> **Provided information**
= Beginning of Section =
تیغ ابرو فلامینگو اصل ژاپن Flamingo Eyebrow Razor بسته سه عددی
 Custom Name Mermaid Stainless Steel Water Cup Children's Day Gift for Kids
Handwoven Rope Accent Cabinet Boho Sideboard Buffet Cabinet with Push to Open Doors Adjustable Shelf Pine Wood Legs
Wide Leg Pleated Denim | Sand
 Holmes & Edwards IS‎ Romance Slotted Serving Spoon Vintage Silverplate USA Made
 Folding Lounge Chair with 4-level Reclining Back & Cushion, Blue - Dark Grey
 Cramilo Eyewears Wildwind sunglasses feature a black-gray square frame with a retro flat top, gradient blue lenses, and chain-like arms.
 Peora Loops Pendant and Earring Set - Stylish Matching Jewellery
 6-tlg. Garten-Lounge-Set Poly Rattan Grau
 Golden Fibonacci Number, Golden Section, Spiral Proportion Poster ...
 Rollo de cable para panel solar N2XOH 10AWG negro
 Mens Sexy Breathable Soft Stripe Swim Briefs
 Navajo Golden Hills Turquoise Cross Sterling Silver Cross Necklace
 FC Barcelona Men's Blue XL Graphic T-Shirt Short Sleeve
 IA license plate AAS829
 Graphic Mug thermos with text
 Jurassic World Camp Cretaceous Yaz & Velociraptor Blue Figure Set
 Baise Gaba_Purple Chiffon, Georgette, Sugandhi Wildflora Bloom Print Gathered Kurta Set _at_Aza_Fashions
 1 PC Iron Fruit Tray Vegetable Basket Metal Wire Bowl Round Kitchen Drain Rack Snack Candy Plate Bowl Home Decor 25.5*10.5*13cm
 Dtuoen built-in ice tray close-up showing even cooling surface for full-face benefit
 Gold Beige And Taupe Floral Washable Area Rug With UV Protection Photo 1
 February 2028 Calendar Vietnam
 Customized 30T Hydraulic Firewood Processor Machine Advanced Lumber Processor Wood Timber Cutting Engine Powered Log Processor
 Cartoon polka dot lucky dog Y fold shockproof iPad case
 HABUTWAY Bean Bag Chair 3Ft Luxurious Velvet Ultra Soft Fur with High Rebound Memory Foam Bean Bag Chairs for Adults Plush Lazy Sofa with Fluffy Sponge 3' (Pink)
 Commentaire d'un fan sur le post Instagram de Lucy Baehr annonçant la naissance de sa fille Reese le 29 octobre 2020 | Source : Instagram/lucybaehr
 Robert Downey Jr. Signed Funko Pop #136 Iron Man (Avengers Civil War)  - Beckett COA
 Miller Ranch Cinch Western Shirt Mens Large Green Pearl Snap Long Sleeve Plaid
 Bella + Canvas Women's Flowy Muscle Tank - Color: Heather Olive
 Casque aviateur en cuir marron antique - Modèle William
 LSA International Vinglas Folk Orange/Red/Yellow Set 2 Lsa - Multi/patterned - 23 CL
= End of Section =
> **Activity**
A faithful, complete reproduction of the listing above is requested.

> **Response to the task**
تیغ ابرو فلامینگو اصل ژاپن Flamingo Eyebrow Razor بسته سه عددی
 Custom Name Mermaid Stainless Steel Water Cup Children's Day Gift for Kids
Handwoven Rope Accent Cabinet Boho Sideboard Buffet Cabinet with Push to Open Doors Adjustable Shelf Pine Wood Legs
Wide Leg Pleated Denim | Sand
 Holmes & Edwards IS‎ Romance Slotted Serving Spoon Vintage Silverplate USA Made
 Folding Lounge Chair with 4-level Reclining Back & Cushion, Blue - Dark Grey
 Cramilo Eyewears Wildwind sunglasses feature a black-gray square frame with a retro flat top, gradient blue lenses, and chain-like arms.
 Peora Loops Pendant and Earring Set - Stylish Matching Jewellery
 6-tlg. Garten-Lounge-Set Poly Rattan Grau
 Golden Fibonacci Number, Golden Section, Spiral Proportion Poster ...
 Rollo de cable para panel solar N2XOH 10AWG negro
 Mens Sexy Breathable Soft Stripe Swim Briefs
 Navajo Golden Hills Turquoise Cross Sterling Silver Cross Necklace
 FC Barcelona Men's Blue XL Graphic T-Shirt Short Sleeve
 IA license plate AAS829
 Graphic Mug thermos with text
 Jurassic World Camp Cretaceous Yaz & Velociraptor Blue Figure Set
 Baise Gaba_Purple Chiffon, Georgette, Sugandhi Wildflora Bloom Print Gathered Kurta Set _at_Aza_Fashions
 1 PC Iron Fruit Tray Vegetable Basket Metal Wire Bowl Round Kitchen Drain Rack Snack Candy Plate Bowl Home Decor 25.5*10.5*13cm
 Dtuoen built-in ice tray close-up showing even cooling surface for full-face benefit
 Gold Beige And Taupe Floral Washable Area Rug With UV Protection Photo 1
 February 2028 Calendar Vietnam
 Customized 30T Hydraulic Firewood Processor Machine Advanced Lumber Processor Wood Timber Cutting Engine Powered Log Processor
 Cartoon polka dot lucky dog Y fold shockproof iPad case
 HABUTWAY Bean Bag Chair 3Ft Luxurious Velvet Ultra Soft Fur with High Rebound Memory Foam Bean Bag Chairs for Adults Plush Lazy Sofa with Fluffy Sponge 3' (Pink)
 Commentaire d'un fan sur le post Instagram de Lucy Baehr annonçant la naissance de sa fille Reese le 29 octobre 2020 | Source : Instagram/lucybaehr
 Robert Downey Jr. Signed Funko Pop #136 Iron Man (Avengers Civil War)  - Beckett COA
 Miller Ranch Cinch Western Shirt Mens Large Green Pearl Snap Long Sleeve Plaid
 Bella + Canvas Women's Flowy Muscle Tank - Color: Heather Olive
 Casque aviateur en cuir marron antique - Modèle William
 LSA International Vinglas Folk Orange/Red/Yellow Set 2 Lsa - Multi/patterned - 23 CL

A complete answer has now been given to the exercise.